# Entries supplied

################

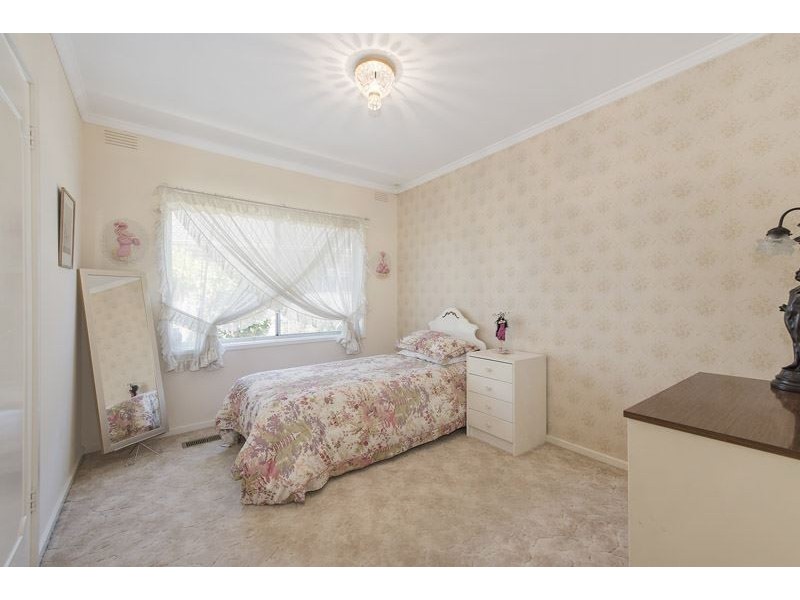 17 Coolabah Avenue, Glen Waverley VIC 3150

################

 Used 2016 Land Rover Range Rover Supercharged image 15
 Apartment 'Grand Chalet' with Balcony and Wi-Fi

################

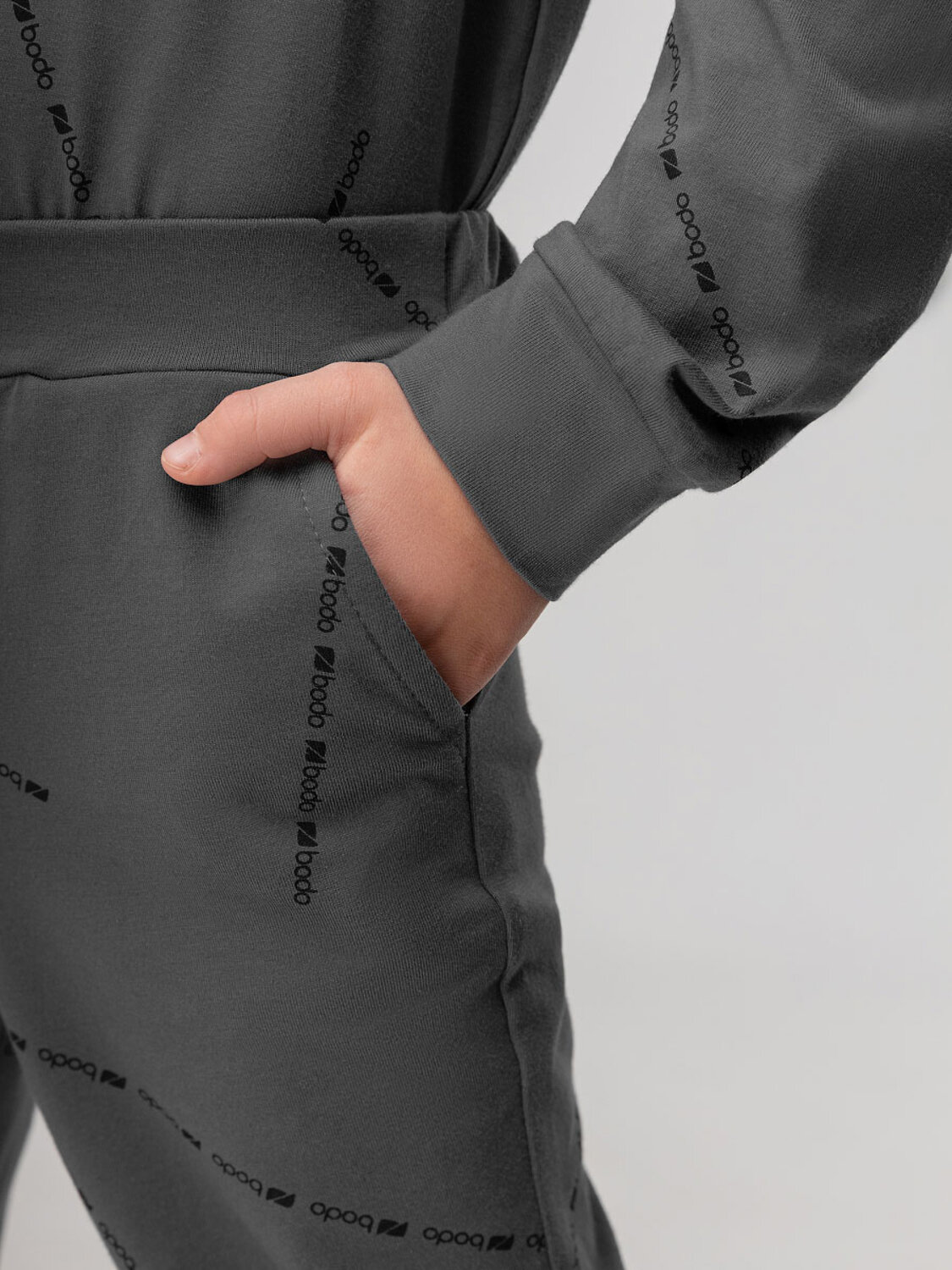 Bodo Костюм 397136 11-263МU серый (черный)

################

# Your assignment
Starting at the line above that holds "Used 2016 Land" and ending at the line that holds "Apartment 'Grand Chalet'", transcribe each line exactly and include no other lines.

# The answer
 Used 2016 Land Rover Range Rover Supercharged image 15
 Apartment 'Grand Chalet' with Balcony and Wi-Fi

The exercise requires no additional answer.